_Provided records_:
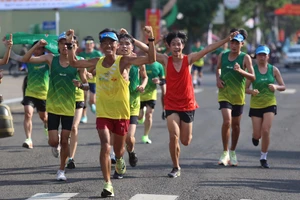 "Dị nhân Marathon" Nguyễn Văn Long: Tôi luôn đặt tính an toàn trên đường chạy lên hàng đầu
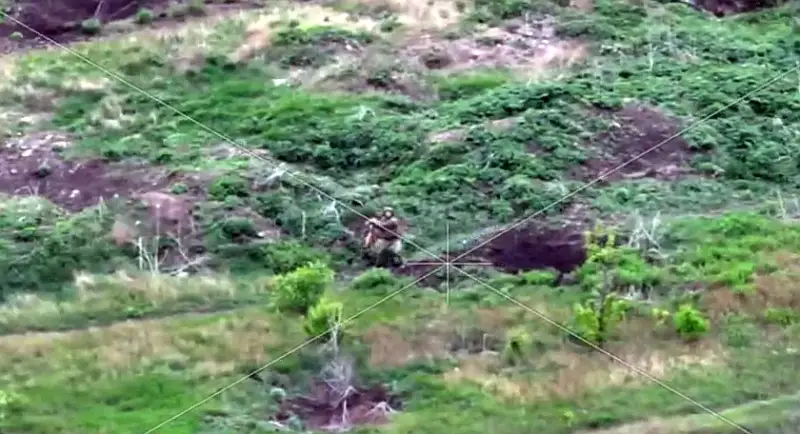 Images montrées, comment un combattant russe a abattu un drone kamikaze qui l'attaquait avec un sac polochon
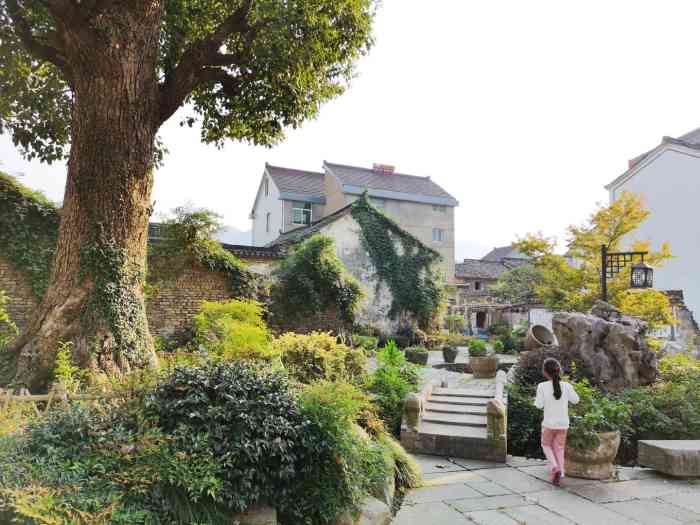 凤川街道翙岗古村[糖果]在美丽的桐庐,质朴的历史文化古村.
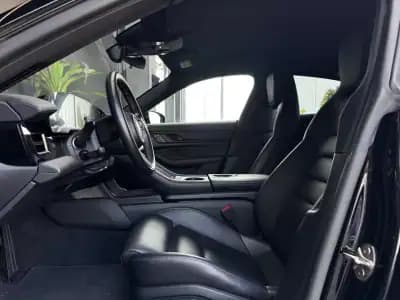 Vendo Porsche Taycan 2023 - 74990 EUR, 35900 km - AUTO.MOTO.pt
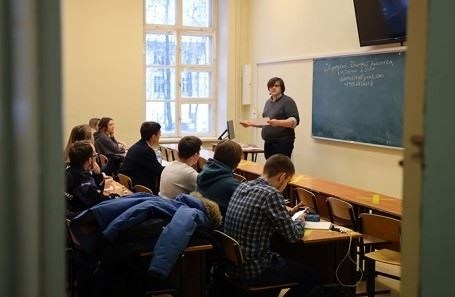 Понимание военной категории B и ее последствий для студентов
---
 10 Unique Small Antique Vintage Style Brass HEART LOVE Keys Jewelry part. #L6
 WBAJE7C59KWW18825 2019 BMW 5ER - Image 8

_Activity_: Only the lines above from the one with "lên hàng đầu" to the one with "Понимание военной категории" should be printed, both included and exactly as written; no picture belongs in the copy.

_Answer box_:
 "Dị nhân Marathon" Nguyễn Văn Long: Tôi luôn đặt tính an toàn trên đường chạy lên hàng đầu
 Images montrées, comment un combattant russe a abattu un drone kamikaze qui l'attaquait avec un sac polochon
 凤川街道翙岗古村[糖果]在美丽的桐庐,质朴的历史文化古村.
 Vendo Porsche Taycan 2023 - 74990 EUR, 35900 km - AUTO.MOTO.pt
 Понимание военной категории B и ее последствий для студентов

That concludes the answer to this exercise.